Collected data
- Opening Delimiter -

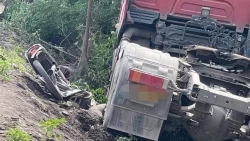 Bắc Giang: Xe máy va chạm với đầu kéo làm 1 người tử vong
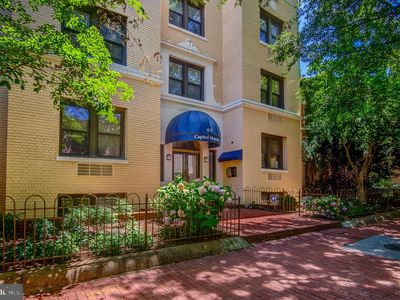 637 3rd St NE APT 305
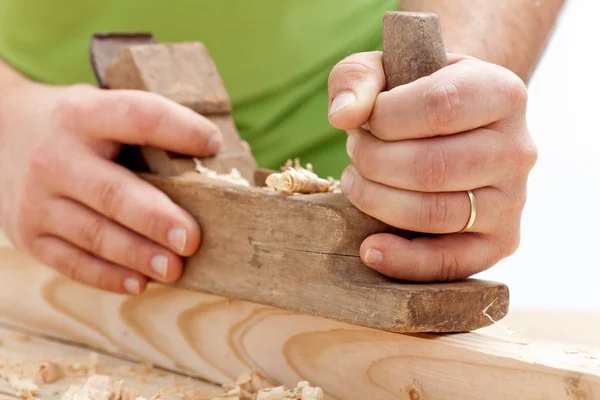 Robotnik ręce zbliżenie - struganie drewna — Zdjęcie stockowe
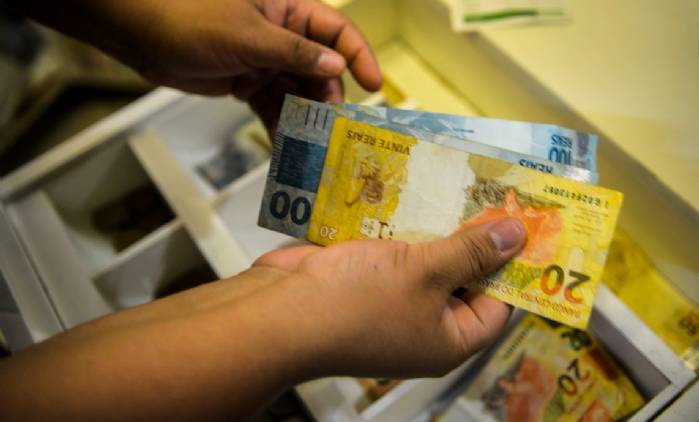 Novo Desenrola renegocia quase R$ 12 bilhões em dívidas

- Closing Delimiter -

Aim of the task
Transcribe the listing verbatim, pictures excluded.

Written solution
 Bắc Giang: Xe máy va chạm với đầu kéo làm 1 người tử vong
 637 3rd St NE APT 305
 Robotnik ręce zbliżenie - struganie drewna — Zdjęcie stockowe
 Novo Desenrola renegocia quase R$ 12 bilhões em dívidas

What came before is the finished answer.